Another example that we’re working on, you know that we also have a pipeline of NaV1.7 inhibitors. Those are still in preclinical development, but they are making good progress. So one of the other elements, we’re working on is formulations in terms of drug-drug interactions and the possibility to combine. So NaV1.7 could be a molecule as a single-agent therapy or it could also be a therapy in combination with NaV1.8 that’s kind of a sense for what we’re doing with our follow-on approach.
Susie Lisa: Chuck, we’ll take one more question, please.
Operator: Yes ma’am. Our last question for the evening will come from Myles Minter with William Blair. Please go-ahead.

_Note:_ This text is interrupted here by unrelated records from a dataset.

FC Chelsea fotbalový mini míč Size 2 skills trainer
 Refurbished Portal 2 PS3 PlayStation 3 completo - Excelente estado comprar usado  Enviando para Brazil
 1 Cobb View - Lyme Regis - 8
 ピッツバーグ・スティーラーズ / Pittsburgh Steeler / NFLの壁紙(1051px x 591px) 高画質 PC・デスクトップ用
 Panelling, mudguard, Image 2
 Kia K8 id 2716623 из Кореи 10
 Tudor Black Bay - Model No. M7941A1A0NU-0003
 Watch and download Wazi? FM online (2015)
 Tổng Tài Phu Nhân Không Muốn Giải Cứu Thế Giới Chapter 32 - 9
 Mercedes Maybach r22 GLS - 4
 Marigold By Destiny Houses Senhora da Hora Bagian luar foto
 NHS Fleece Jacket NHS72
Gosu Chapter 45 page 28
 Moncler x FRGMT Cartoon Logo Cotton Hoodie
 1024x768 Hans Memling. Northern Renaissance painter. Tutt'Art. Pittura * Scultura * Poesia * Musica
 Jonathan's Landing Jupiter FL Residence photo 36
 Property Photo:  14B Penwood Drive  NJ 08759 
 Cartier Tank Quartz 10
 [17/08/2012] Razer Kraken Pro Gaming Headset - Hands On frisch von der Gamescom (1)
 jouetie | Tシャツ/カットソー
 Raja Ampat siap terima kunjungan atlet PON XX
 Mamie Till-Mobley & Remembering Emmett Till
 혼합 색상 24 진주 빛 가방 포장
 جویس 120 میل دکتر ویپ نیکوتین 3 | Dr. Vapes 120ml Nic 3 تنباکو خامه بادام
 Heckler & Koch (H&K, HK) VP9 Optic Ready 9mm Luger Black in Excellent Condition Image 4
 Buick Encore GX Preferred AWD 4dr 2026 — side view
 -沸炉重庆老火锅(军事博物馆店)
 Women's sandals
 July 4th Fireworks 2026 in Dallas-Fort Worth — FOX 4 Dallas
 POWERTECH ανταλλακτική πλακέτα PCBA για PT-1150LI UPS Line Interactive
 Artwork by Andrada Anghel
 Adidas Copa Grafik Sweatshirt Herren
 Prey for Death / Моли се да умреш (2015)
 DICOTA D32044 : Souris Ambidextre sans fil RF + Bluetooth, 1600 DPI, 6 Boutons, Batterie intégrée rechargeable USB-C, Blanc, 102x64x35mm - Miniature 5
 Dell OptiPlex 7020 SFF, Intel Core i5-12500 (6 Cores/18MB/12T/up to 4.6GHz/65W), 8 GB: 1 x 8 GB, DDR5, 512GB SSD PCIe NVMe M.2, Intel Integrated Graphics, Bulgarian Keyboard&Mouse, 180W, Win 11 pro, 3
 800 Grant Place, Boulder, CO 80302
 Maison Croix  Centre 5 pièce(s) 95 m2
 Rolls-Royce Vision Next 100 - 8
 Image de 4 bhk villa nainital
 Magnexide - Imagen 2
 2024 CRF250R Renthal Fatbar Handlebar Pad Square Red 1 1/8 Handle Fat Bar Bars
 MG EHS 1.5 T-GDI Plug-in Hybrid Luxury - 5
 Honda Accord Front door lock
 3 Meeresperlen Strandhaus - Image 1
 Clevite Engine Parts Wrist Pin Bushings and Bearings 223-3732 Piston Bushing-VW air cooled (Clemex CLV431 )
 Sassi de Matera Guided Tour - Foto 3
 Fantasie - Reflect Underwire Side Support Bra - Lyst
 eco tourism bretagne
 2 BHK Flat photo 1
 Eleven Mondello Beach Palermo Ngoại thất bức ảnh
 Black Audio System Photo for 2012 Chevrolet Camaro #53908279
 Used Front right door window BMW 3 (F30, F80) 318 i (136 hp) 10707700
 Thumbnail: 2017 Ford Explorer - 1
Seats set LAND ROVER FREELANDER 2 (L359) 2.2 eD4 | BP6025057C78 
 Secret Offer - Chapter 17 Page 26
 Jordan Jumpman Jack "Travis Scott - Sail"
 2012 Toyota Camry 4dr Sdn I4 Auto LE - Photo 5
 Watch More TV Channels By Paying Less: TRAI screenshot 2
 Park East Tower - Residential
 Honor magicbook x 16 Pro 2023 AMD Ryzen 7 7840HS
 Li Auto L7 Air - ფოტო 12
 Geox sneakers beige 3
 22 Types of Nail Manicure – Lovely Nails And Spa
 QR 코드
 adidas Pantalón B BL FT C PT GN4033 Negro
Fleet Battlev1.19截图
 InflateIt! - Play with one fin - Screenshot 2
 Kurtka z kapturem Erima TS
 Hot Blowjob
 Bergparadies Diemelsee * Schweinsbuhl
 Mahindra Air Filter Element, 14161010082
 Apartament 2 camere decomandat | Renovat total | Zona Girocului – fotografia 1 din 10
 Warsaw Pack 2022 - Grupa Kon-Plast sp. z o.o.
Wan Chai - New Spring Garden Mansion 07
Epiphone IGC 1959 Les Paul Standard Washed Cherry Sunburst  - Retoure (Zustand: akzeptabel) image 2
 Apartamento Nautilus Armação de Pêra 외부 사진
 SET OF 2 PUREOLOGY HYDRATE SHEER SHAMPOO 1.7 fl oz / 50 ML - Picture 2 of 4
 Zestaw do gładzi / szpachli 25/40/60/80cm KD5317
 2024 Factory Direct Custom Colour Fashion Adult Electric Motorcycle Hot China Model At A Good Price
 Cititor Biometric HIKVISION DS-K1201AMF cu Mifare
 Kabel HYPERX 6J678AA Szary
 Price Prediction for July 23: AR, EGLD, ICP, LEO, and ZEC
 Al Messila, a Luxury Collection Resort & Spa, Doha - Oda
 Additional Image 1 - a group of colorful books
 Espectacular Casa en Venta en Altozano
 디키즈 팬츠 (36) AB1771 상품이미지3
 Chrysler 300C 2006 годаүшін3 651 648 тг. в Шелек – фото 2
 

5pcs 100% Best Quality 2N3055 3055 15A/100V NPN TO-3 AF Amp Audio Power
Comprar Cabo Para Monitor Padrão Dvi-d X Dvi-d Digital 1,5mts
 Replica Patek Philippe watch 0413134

Myles Minter: Hi, thanks for sneaking me in. You just mentioned in the first commercial patients on CASGEVY expected to start the journey in the coming weeks. Can you clarify what geographies they are in? And do you have a sense of how many patients you screened out at those ATCs to identify those first patients? Thanks very much.
Reshma Kewalramani: Sure. Hey, Myles, we’re not going to comment in detail on the first patients, but as Stuart said in his prepared remarks, we’re expecting our first patient shortly.
Myles Minter: Thank you.
Operator: This concludes our question-and-answer session as well as our conference call for today. I want to thank everyone for attending today’s presentation. A replay of today’s event will be available shortly after the call concludes by dialing 1-877-344-7529 or 1-412-317-0088, using replay access code 10178829. Thank you and have a great day.